To do:
An exact reproduction of the listing, minus the pictures, is the required output.

Input data:
- - -
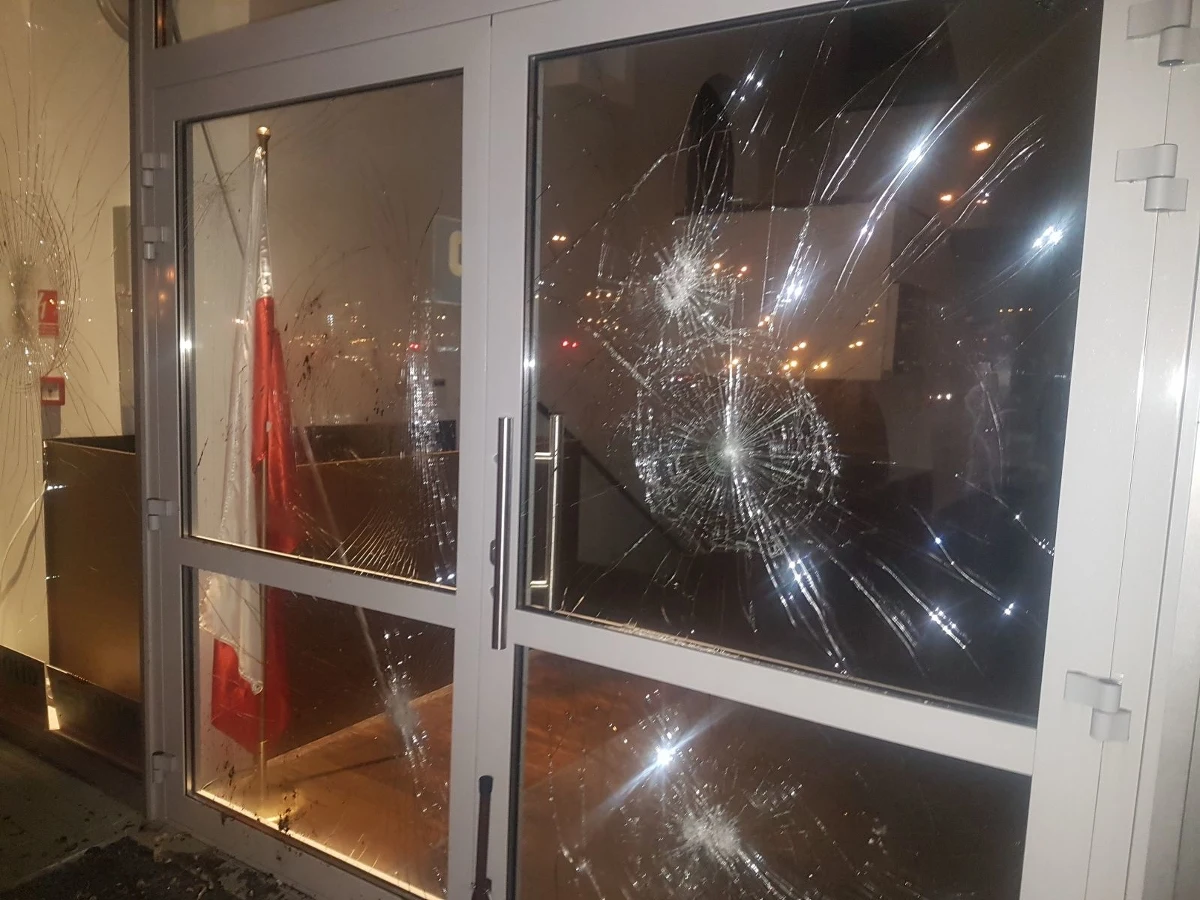 Atak na Ośrodek Kultury Muzułmańskiej na warszawskiej Ochocie. Około 2:00 w nocy budynek został obrzucony kamieniami i zdewastowany. Nikomu nic się nie stało. Na miejscu pracuje policja, zabezpieczane są ślady. Kamery monitoringu nagrały dwie osoby, które uderzały w szyby cegłami. Ośrodek został zaatakowany po raz drugi w tym miesiącu. Od dłuższego czasu dostawał pogróżki, o czym listownie informował kancelarie Sejmu i Senatu oraz prezydenta, premier i szefa MSWiA. 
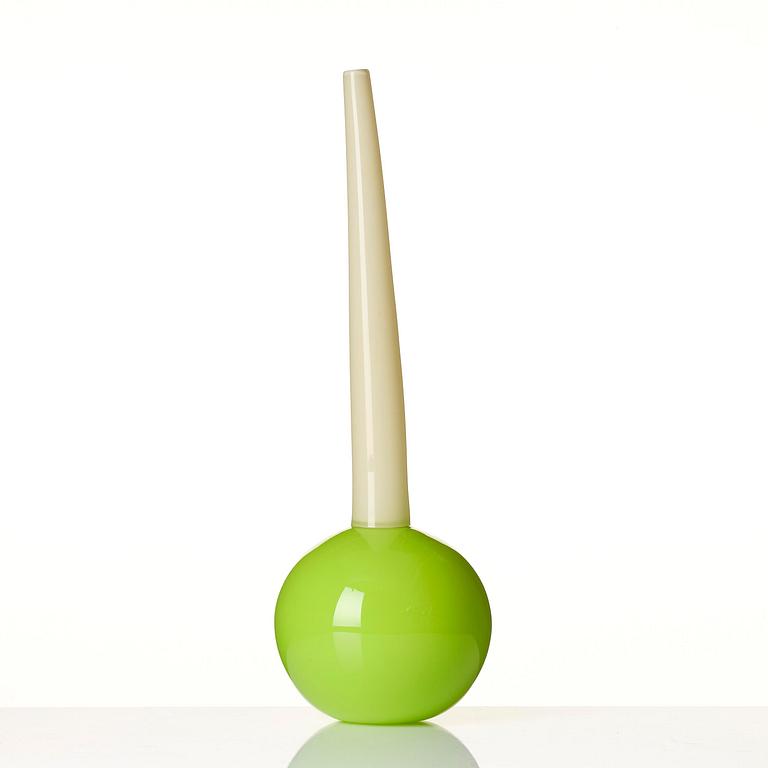 Gunnel Sahlin, flaska, Pilchuck Glass School, Seattle, 1995, blåst av Dante Marioni.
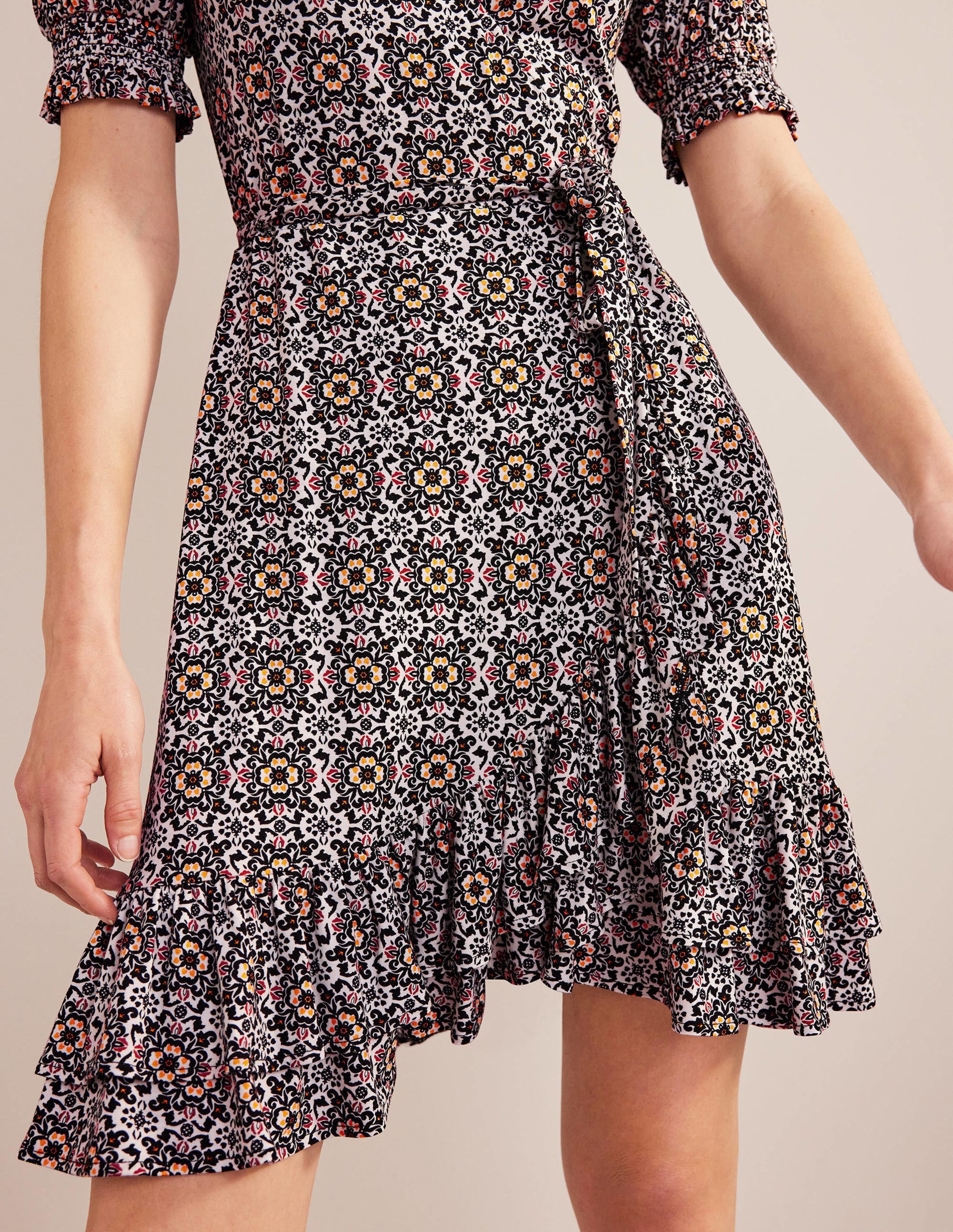 Jersey-Minikleid mit Wickeloptik und Rüschen-Schwarz, Üppige Blumen - Image 4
- - -
Solution:
 Atak na Ośrodek Kultury Muzułmańskiej na warszawskiej Ochocie. Około 2:00 w nocy budynek został obrzucony kamieniami i zdewastowany. Nikomu nic się nie stało. Na miejscu pracuje policja, zabezpieczane są ślady. Kamery monitoringu nagrały dwie osoby, które uderzały w szyby cegłami. Ośrodek został zaatakowany po raz drugi w tym miesiącu. Od dłuższego czasu dostawał pogróżki, o czym listownie informował kancelarie Sejmu i Senatu oraz prezydenta, premier i szefa MSWiA. 
 Gunnel Sahlin, flaska, Pilchuck Glass School, Seattle, 1995, blåst av Dante Marioni.
 Jersey-Minikleid mit Wickeloptik und Rüschen-Schwarz, Üppige Blumen - Image 4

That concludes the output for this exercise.